**What the exercise asks**
Starting at the line that contains "Natural Handmade Healing", transcribe each line exactly through the end of the data below, and skip any pictures.

**Data extracts**
■ ■ ■
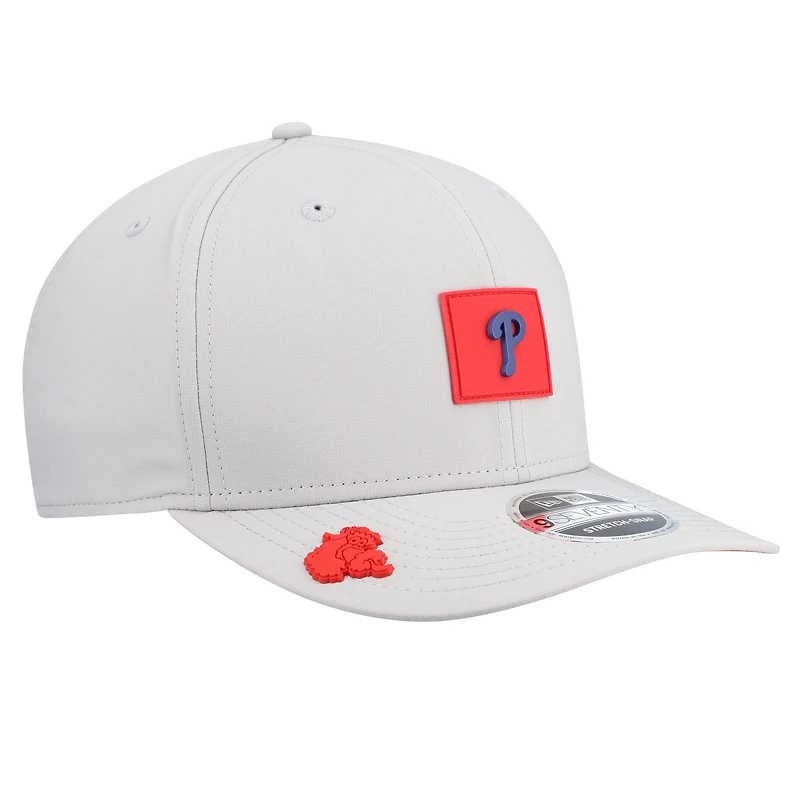 Casquette ajustable New Era grise Philadelphia Phillies 2026 Clubhouse 9SEVENTY pour homme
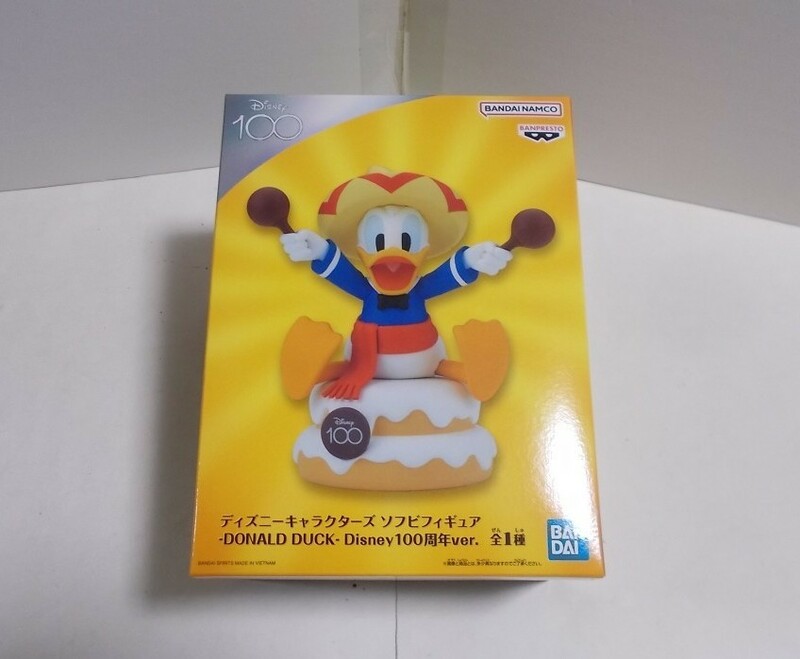 バンプレスト ディズニーキャラクターズ ソフビフィギュア -DONALD DUCK- Disney100周年ver. ドナルド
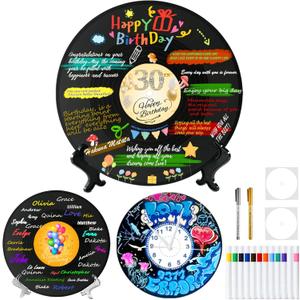 3PCS Blank Vinyl Records 12" Vinyl Records Birthday Decorations, Doodle on Fake Records,Records for Wall Aesthetic Party Favor Sign Poster, Sweet 30th Birthday Large Guest Book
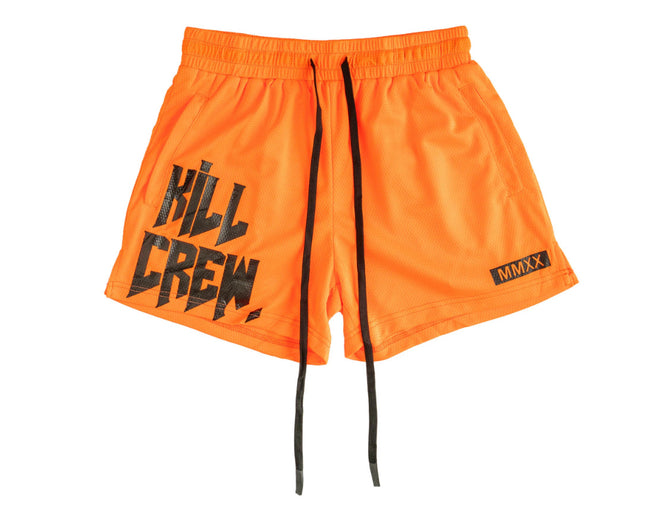 Killcrew Logo Graphic Orange and Black Mesh Shorts Hover Image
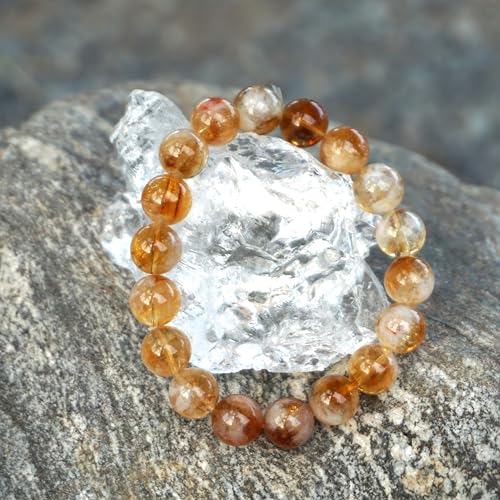 Natural Handmade Healing Chakra Bracelet - color: 10mm-Yellow Tower-FOR 7-8 INCH WRIST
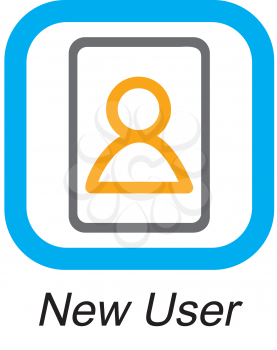 Royalty Free Clipart Image of a New User Button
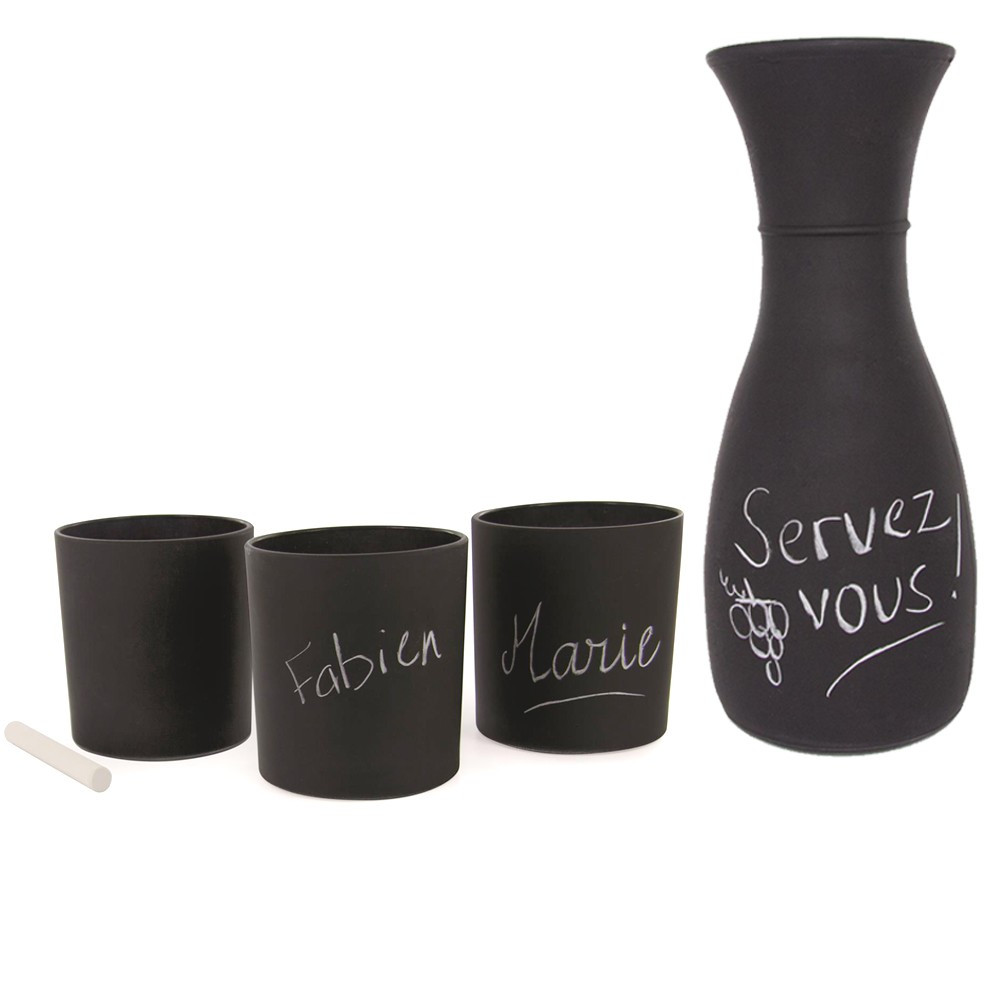 Service carafe et verres en ardoise personnalisable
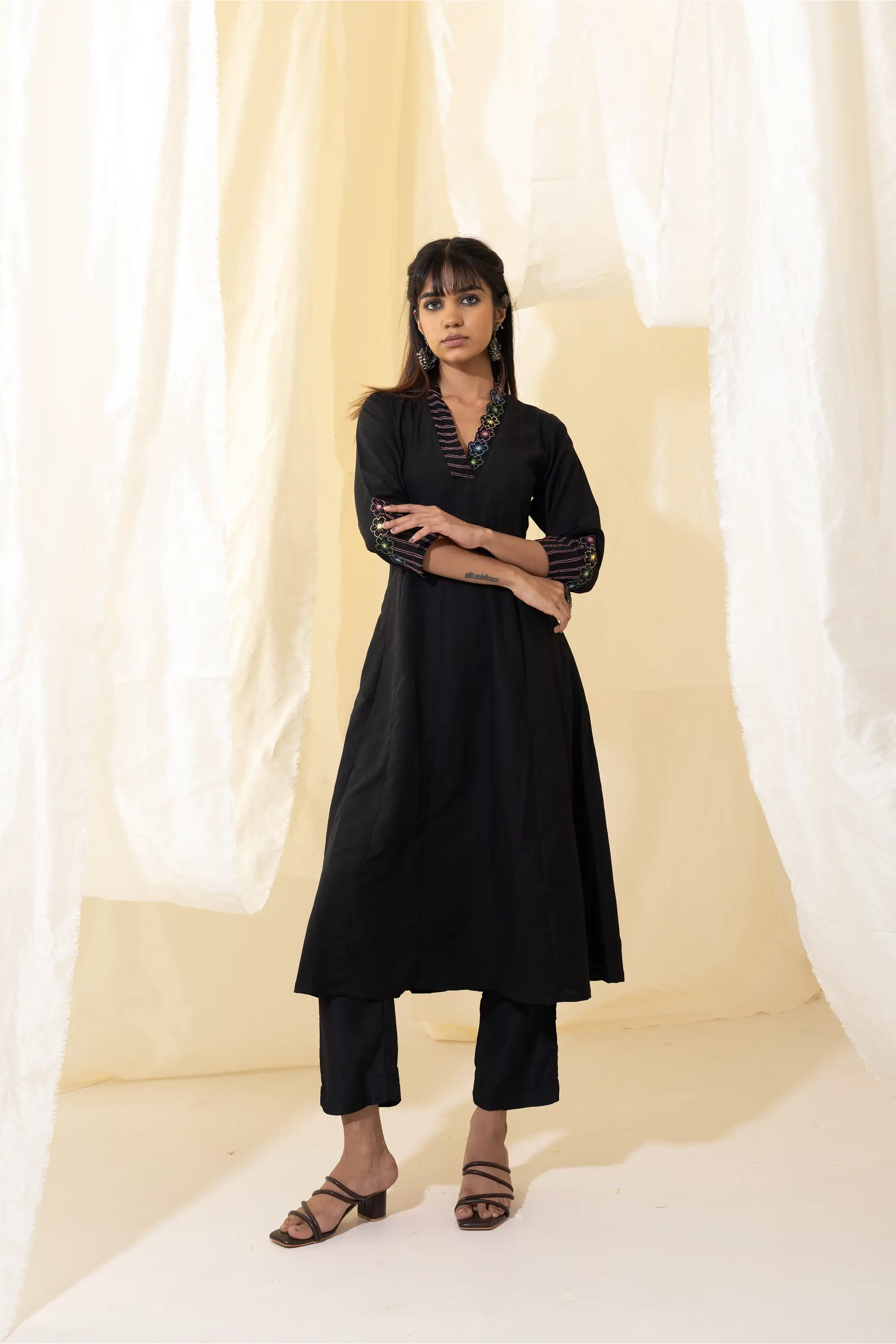 Black Anarkali Kurta Set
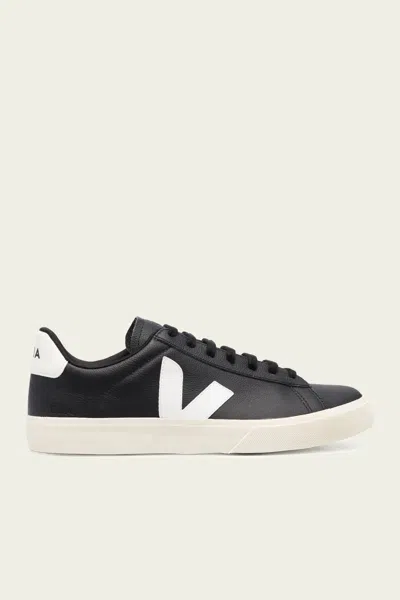 Shop Veja Campo Chromefree Leather Men Sneaker In Black And White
■ ■ ■
**Task answer**
 Natural Handmade Healing Chakra Bracelet - color: 10mm-Yellow Tower-FOR 7-8 INCH WRIST
 Royalty Free Clipart Image of a New User Button
 Service carafe et verres en ardoise personnalisable
 Black Anarkali Kurta Set
 Shop Veja Campo Chromefree Leather Men Sneaker In Black And White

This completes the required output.